Der Name Christoph Columbus Kolumbus ist weltbekannt, weil er oft als der Entdecker Amerikas gilt. Kolumbus wurde um das Jahr 1451 herum im heutigen Italien geboren und starb 1506 in Spanien. 1492 erreichte er mit drei Schiffen eine Insel der Bahamas vor der nordamerikanischen Küste. Eigentlich sollte er einen Seeweg nach Indien finden. Dass in westlicher Richtung zwischen Europa und Asien der amerikanische Kontinent liegt, wusste er nicht, bis er dort landete.

Leif Erikssson

Allerdings war Kolumbus anders als lange angenommen nicht der erste Reisende, der Nordamerika erreichte. Fast 500 Jahre vor Kolumbus legte bereits der Wikinger Leif Eriksson auf dem Kontinent an. Sein Leben und seine Reise sind weniger bekannt als die von Kolumbus, doch es wird angenommen, dass Eriksson um 970 auf Island geboren wurde und etwa 1020 in Grönland starb.
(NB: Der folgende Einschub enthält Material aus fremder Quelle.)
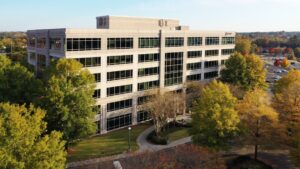 Encore Commons 200 office building in the North Fulton submarket of Alpharetta, GA. Find out more about this attractive office space sublease opportunity.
Das Land, das er entdeckte, nannte er „Vinland“ und es entspricht wahrscheinlich dem heutigen Neufundland weit im Norden Nordamerikas.

Vasco da Gama

Zwei weitere bekannte Entdecker stammen beide aus Portugal: Vasco da Gama und Ferdinand Magellan. Sie lebten beide etwa zur selben Zeit, Magellan von 1480 bis 1521 und da Gama von 1469 bis 1524.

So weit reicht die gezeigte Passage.